The acquisition of Anime.com is not a random purchase. It is the culmination of a deliberate strategy by Azuki founder Zagabond to transform the NFT brand from a static collection of 10,000 anime-inspired profile pictures into a full-fledged entertainment company. The new domain serves as the digital gateway to what the team describes as an “open anime universe” — a platform where community members can participate in creating and sharing anime content.

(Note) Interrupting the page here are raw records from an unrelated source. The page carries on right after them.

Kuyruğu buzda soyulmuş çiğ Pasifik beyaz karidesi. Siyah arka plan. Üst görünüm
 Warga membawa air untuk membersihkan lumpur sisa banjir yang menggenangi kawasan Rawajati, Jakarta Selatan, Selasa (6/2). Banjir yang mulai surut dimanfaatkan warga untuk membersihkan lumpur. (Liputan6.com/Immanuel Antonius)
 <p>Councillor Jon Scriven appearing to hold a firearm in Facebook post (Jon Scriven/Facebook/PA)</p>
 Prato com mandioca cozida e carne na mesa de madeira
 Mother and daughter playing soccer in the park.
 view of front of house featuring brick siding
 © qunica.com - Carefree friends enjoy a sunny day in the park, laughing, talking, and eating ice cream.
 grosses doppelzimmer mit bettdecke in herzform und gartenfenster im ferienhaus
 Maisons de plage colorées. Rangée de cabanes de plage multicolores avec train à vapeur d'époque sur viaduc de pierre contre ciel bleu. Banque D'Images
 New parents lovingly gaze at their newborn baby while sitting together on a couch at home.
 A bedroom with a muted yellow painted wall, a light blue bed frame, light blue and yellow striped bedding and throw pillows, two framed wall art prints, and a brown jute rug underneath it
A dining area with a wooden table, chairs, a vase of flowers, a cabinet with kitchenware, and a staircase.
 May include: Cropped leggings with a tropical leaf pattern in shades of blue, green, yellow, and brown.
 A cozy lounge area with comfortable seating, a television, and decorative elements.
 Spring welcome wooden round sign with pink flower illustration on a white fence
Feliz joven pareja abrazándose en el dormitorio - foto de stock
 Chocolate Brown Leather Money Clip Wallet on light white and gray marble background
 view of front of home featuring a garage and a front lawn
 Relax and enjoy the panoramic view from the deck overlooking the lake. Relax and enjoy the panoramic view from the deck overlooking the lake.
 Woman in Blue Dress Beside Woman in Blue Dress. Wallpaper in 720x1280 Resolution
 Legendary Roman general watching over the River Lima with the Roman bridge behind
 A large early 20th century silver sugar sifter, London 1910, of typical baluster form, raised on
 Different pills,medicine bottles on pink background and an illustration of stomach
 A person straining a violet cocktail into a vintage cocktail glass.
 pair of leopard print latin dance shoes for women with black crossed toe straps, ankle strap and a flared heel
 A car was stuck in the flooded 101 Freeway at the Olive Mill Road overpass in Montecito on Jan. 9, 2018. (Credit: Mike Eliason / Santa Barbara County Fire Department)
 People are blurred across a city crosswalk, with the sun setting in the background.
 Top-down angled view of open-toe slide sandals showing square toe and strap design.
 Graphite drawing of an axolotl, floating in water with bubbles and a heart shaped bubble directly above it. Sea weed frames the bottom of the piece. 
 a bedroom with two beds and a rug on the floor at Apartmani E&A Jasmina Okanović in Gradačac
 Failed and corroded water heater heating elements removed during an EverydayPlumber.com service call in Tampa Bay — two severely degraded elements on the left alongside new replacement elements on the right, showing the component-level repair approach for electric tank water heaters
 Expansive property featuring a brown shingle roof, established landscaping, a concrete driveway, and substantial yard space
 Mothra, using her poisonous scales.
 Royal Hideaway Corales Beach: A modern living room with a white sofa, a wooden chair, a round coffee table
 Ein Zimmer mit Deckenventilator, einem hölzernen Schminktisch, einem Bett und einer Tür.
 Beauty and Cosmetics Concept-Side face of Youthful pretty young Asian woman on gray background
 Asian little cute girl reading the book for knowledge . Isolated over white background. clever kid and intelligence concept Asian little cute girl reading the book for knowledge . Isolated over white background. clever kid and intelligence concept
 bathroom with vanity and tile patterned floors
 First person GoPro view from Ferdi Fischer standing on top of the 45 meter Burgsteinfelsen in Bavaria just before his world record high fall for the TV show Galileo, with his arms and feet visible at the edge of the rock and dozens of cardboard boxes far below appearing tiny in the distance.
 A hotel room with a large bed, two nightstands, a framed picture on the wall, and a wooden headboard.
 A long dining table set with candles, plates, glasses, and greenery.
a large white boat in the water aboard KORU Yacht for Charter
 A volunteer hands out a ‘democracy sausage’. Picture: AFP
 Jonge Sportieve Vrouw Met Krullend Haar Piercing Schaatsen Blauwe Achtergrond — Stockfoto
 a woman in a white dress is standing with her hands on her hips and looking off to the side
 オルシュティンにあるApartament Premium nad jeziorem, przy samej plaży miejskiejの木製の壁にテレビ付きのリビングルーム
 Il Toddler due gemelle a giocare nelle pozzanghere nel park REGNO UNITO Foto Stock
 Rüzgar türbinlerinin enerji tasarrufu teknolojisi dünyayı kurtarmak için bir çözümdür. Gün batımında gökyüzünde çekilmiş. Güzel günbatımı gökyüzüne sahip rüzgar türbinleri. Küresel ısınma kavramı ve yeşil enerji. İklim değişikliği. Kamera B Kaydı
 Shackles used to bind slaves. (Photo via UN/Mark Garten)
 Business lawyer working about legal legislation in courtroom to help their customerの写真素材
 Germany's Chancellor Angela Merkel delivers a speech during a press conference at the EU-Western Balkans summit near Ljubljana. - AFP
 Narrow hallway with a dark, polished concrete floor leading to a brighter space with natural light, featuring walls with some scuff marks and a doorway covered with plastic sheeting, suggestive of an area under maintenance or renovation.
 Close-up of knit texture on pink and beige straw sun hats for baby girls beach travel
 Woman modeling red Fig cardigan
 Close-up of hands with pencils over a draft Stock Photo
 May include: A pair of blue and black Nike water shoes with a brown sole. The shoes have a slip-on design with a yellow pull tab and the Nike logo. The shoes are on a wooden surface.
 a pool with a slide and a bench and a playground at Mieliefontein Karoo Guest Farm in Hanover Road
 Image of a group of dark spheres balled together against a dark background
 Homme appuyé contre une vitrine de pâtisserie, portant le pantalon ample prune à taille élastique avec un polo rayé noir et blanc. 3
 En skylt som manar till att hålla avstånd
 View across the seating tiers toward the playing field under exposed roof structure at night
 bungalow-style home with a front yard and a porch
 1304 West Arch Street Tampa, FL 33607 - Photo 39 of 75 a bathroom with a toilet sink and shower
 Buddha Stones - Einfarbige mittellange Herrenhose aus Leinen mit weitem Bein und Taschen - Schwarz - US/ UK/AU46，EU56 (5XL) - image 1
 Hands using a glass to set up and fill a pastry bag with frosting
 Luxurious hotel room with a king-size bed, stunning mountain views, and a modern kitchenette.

The timing aligns with broader trends in the NFT space, where projects that rely solely on collectible value have struggled to maintain relevance. By pivoting toward content creation and storytelling, Azuki is following a path carved by projects like Doodles, which has also been building out an animated universe around its brand. The difference is that Azuki’s aesthetic has always been rooted in anime culture, making the acquisition of Anime.com feel like a natural evolution rather than a pivot.

New Hollywood Blood

The Anime.com announcement follows the recent hiring of two seasoned entertainment industry professionals. Mark Goffman, a consulting executive producer with extensive Hollywood credits, and Jessica Turner, who previously led franchise development for the Harry Potter series at Warner Bros., bring mainstream entertainment expertise to a project that has until now been primarily driven by crypto-native creators.

Zagabond addressed the hires by noting that Web3 intellectual properties have demonstrated an ability to build passionate communities through short-form content that thrives on social media. The next step, he suggested, involves elevating that storytelling to a more sophisticated level — one that can compete with traditional animation studios for audience attention.

Mizuki: A Glimpse of What Is Coming

Just weeks before the Anime.com reveal, Azuki released a short animated film titled Mizuki, based on their Elemental #9195 NFT. The mini-short served as a proof of concept, demonstrating that the team could produce engaging animated content rooted in their existing NFT intellectual property. The partnership with OpenSea for the release of Mizuki Shorts NFTs also showed how animated content and blockchain collectibles can work in tandem.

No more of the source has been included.